The computer program recalculates the density and certain other parameters to any reference conditions specified. For natural gas vehicle (NGV) applications, one could easily compute the density values at EPA's reference conditions of 20°C and 101.325 kilopascal (kPa), which is approximately 14.6969 psia. By resetting the default values, the relative density, compressibility, HHV, LHV, and Wobbe Index can be recalculated to international standard pressure (101.325 kPa) and temperature (15°C) reference conditions with quantities in customary units referred to A.G.A. standard reference conditions. Density will be calculated at any pressure and temperature specified.

Alternative programming methods may use American Society for Testing and Materials (ASTM) D 3588, Standard Practice for Calculating Heat Value, Compressibility Factor, and Relative Density (Specific Gravity) of Gaseous Fuels. While the compressibility factor calculation is not as rigorous as that in the A.G.A. program, the results are quite adequate and computed data are applicable to all common types of utility gaseous fuels on the basis of HHV and LHV. Although the base conditions used are 14.696 psia (101.325 kPa) and 60°F (15.6°C), calculation procedures for other conditions are given as well.

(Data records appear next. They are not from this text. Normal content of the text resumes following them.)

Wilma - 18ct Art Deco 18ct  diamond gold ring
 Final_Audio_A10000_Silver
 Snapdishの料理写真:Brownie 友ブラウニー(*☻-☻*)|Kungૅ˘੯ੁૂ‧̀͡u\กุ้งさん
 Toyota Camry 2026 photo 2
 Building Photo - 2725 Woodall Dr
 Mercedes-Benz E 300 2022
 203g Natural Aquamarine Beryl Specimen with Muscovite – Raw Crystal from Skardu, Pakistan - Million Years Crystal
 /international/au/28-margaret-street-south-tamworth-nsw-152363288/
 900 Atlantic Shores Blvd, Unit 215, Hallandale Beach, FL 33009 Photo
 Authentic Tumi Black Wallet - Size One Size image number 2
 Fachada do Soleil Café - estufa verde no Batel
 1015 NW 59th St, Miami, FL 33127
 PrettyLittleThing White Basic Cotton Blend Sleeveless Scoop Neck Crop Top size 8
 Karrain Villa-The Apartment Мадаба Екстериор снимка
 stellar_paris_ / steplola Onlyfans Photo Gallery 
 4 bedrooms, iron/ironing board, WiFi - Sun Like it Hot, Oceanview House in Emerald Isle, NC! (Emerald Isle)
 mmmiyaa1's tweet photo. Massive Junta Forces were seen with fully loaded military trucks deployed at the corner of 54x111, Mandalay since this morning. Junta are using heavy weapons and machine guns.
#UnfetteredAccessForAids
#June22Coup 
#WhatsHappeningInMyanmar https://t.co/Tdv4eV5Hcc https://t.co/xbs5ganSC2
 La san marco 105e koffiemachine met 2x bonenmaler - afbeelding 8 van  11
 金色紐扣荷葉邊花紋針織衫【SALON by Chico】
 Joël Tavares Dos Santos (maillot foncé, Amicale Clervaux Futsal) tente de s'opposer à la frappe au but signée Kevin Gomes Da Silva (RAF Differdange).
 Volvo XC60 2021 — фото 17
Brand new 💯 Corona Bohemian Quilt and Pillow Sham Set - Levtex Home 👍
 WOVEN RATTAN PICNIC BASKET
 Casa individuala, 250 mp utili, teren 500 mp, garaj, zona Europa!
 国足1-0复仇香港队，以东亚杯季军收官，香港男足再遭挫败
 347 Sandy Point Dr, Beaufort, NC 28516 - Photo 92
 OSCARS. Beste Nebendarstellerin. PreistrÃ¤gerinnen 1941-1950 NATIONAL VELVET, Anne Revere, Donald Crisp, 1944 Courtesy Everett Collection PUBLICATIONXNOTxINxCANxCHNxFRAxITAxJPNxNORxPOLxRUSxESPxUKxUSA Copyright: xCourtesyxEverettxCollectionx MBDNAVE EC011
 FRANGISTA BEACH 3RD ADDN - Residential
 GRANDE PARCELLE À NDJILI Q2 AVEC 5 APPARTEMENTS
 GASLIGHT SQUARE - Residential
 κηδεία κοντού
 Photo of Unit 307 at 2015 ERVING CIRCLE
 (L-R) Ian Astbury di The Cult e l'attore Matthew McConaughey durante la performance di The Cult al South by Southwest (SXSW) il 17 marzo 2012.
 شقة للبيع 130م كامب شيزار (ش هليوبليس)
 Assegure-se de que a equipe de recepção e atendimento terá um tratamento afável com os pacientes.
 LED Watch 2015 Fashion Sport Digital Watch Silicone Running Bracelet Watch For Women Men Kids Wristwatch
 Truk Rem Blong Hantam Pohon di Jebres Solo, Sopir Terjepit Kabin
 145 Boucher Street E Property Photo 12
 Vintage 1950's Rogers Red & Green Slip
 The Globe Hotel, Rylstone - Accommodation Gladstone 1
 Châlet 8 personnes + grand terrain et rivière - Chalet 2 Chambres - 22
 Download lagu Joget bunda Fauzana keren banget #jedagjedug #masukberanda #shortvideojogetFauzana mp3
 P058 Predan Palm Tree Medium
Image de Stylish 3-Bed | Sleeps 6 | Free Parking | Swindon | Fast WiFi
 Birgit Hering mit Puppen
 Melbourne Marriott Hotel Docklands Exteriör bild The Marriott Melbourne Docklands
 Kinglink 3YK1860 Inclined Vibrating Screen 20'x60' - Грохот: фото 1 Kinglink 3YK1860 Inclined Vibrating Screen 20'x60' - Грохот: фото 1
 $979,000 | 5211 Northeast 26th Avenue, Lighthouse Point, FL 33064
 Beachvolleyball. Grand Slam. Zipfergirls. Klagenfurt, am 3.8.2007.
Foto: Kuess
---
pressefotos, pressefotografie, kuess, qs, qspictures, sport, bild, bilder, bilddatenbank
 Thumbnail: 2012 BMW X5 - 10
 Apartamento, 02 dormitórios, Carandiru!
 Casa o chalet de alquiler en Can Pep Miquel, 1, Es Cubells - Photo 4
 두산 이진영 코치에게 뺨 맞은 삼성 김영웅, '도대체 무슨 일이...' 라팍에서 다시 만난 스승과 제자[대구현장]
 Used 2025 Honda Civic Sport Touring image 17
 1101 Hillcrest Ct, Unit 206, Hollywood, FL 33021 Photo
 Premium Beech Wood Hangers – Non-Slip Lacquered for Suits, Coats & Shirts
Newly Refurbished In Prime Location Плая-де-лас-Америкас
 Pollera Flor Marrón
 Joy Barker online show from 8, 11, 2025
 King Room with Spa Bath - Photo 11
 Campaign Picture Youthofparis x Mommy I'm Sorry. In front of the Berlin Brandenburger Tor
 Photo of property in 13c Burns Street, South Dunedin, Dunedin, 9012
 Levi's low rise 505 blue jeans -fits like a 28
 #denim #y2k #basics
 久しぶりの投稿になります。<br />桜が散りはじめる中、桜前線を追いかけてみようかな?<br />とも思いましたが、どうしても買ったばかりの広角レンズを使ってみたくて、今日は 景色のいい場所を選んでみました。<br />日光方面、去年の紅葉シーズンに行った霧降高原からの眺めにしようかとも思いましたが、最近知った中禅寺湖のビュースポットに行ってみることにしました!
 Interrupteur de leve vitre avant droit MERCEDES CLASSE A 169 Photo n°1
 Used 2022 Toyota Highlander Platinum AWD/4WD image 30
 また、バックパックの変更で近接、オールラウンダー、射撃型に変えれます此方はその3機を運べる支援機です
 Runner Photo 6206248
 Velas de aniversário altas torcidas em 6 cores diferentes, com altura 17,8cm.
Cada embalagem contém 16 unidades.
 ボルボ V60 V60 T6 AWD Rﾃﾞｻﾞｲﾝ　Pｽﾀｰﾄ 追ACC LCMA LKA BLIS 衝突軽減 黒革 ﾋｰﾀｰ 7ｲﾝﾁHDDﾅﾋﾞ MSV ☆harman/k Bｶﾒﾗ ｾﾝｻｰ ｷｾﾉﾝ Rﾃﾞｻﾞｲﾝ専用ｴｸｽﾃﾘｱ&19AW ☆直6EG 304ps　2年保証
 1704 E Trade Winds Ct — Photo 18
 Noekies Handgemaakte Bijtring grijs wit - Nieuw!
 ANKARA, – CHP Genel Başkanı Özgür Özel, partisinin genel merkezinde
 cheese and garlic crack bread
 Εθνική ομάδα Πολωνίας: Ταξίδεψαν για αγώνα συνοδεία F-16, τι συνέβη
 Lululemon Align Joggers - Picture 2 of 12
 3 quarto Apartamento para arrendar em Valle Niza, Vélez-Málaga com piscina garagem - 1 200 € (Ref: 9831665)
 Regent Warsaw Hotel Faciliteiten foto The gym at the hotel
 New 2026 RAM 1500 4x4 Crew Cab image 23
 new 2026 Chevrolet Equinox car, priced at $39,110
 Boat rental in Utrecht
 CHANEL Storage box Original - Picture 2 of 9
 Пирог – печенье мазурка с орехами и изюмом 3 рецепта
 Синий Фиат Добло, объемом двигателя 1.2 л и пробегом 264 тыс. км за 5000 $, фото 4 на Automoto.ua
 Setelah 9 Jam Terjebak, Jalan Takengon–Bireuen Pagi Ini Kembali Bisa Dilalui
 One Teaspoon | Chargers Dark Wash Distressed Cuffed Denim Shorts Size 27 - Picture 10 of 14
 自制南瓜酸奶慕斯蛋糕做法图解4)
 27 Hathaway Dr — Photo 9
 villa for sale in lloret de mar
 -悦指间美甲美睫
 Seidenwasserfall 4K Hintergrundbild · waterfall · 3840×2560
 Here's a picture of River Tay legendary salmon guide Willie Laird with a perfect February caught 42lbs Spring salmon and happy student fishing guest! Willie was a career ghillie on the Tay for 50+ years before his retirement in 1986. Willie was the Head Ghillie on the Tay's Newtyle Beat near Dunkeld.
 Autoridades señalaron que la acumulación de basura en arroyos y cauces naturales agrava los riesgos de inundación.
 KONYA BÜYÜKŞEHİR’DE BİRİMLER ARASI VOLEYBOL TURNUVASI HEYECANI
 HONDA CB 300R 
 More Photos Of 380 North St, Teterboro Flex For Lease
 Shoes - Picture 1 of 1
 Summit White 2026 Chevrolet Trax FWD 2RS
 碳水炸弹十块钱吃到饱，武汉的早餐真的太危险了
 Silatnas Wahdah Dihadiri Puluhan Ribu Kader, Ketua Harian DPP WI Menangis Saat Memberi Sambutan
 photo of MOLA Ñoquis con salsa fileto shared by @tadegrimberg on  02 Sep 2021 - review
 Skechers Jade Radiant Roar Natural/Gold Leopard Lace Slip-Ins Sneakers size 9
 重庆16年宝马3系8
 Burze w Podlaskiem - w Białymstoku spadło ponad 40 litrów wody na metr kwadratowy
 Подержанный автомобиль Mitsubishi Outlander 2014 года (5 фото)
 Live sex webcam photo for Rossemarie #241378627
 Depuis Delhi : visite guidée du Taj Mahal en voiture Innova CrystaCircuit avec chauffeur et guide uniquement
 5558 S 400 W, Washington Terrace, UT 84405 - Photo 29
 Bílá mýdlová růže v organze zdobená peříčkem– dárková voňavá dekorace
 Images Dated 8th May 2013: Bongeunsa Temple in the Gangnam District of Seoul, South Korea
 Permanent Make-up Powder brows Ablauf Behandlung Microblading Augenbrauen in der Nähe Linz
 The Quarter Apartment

As previously mentioned, the LHV and HHV of pipeline gas, as well as the LHV/HHV ratio, vary depending on the mass percent of hydrogen and the amount of inert gas. As the proportions of propane and other heavier constituents increase, the energy density of the gas increases. Whereas the LHV of methane (CH4) is 90.03% of its HHV, the LHV of ethane (C2H6) is 91.47% and that of propane (C3H8) is 92.00% of HHV. Reducing the amount of non-hydrocarbons, of course, will increase the energy density of the gas.

Table 5-4 shows sample analyses of natural gas from several U.S. fields. In these samples, the methane constituent ranges from 83.4 to 93.3% by volume. Notice that the heating value, in Btu/cf, and specific gravity (relative to air) are lowest for Sample 3, which features the highest methane content. This is to be expected due to the absence of heavier, higher energy density constituents such as ethane. A comparison of Sample 5 with Samples 1 and 2 reveals a significant difference in heating value, even though the methane content and specific gravity is almost identical. This is also to be expected since the non-methane constituents of Samples 1 and 2 are primarily ethane (about 15% by volume), while Sample 5 features more than 8% nitrogen, which does not contribute to heating value.

Given the varying energy density levels, natural gas sales today are conducted using therm as the base unit. A therm is defined by the U.S. Secretary of Commerce as "a natural gas energy unit equal to 105,480,400 Joules" (Federal Register Vol. 33, No. 146, July 27, 1968). Since natural gas transactions are based on higher heating value, quantities expressed in therms always have a connotation that is not apparent when Btu is used.